With the pictures left out, restate exactly the part below that opens with the line containing "this 250×188 image." and closes with the line containing "this 1024×683 image.".

## [Dataset records]
******************************
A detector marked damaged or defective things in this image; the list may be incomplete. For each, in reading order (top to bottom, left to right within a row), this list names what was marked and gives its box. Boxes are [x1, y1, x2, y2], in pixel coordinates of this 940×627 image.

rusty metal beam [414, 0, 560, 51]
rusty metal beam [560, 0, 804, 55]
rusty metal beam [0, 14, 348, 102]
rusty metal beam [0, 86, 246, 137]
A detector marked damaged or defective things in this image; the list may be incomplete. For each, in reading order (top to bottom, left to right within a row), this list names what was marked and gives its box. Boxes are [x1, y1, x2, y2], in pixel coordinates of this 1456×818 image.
******************************
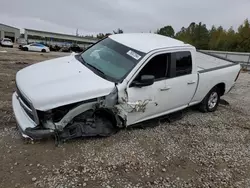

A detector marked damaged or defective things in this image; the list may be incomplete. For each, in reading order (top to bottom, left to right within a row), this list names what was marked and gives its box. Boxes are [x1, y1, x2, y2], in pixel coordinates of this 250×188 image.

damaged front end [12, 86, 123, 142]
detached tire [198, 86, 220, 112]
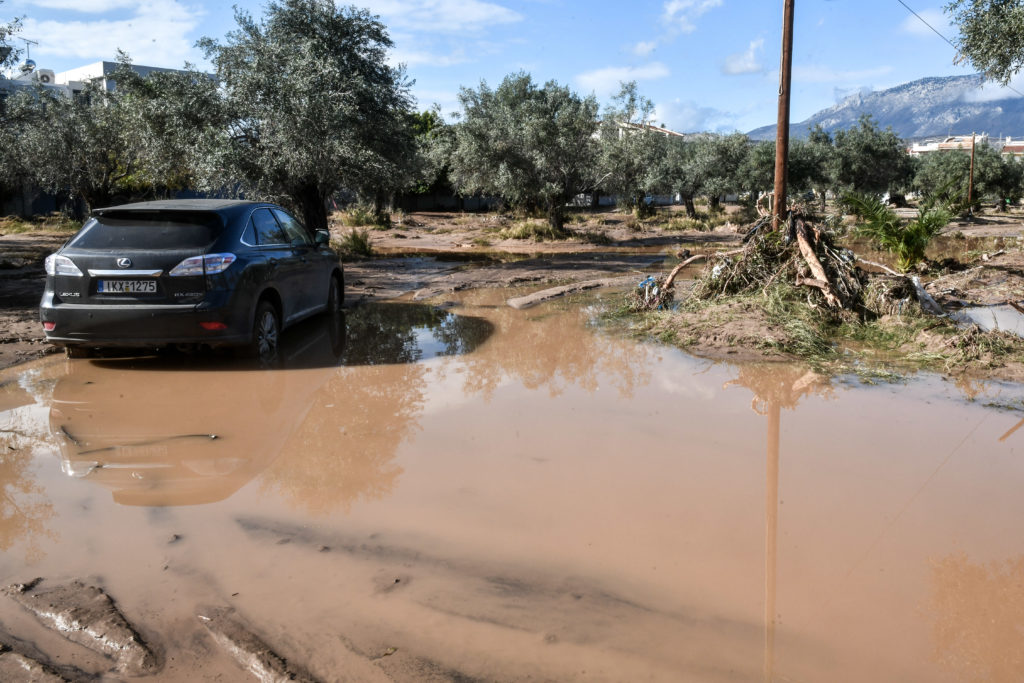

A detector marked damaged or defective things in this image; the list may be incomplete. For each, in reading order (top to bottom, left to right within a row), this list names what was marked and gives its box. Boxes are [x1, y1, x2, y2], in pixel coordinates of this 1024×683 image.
******************************
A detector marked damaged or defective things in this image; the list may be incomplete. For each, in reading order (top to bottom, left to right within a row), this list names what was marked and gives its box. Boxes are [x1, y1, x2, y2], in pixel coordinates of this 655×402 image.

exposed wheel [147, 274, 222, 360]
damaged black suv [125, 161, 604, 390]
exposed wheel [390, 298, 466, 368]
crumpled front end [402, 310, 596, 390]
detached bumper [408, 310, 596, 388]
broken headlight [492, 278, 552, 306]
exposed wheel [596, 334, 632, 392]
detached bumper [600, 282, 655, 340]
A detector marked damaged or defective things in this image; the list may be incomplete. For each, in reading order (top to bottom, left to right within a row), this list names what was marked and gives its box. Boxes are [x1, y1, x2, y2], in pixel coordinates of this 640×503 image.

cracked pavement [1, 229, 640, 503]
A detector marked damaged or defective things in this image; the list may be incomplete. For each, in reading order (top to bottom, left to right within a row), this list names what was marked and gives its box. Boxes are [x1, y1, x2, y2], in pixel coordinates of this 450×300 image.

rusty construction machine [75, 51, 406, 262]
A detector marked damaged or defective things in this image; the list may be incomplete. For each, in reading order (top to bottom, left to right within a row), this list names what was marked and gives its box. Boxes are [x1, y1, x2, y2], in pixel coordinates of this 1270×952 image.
******************************
## [Solution for this exercise]
A detector marked damaged or defective things in this image; the list may be incomplete. For each, in reading order (top to bottom, left to right within a row), this list names what was marked and gives its box. Boxes are [x1, y1, x2, y2], in pixel coordinates of this 250×188 image.

damaged front end [12, 86, 123, 142]
detached tire [198, 86, 220, 112]

A detector marked damaged or defective things in this image; the list may be incomplete. For each, in reading order (top to bottom, left to right within a row), this list names what was marked and gives its box. Boxes are [x1, y1, x2, y2], in pixel coordinates of this 1024×683 image.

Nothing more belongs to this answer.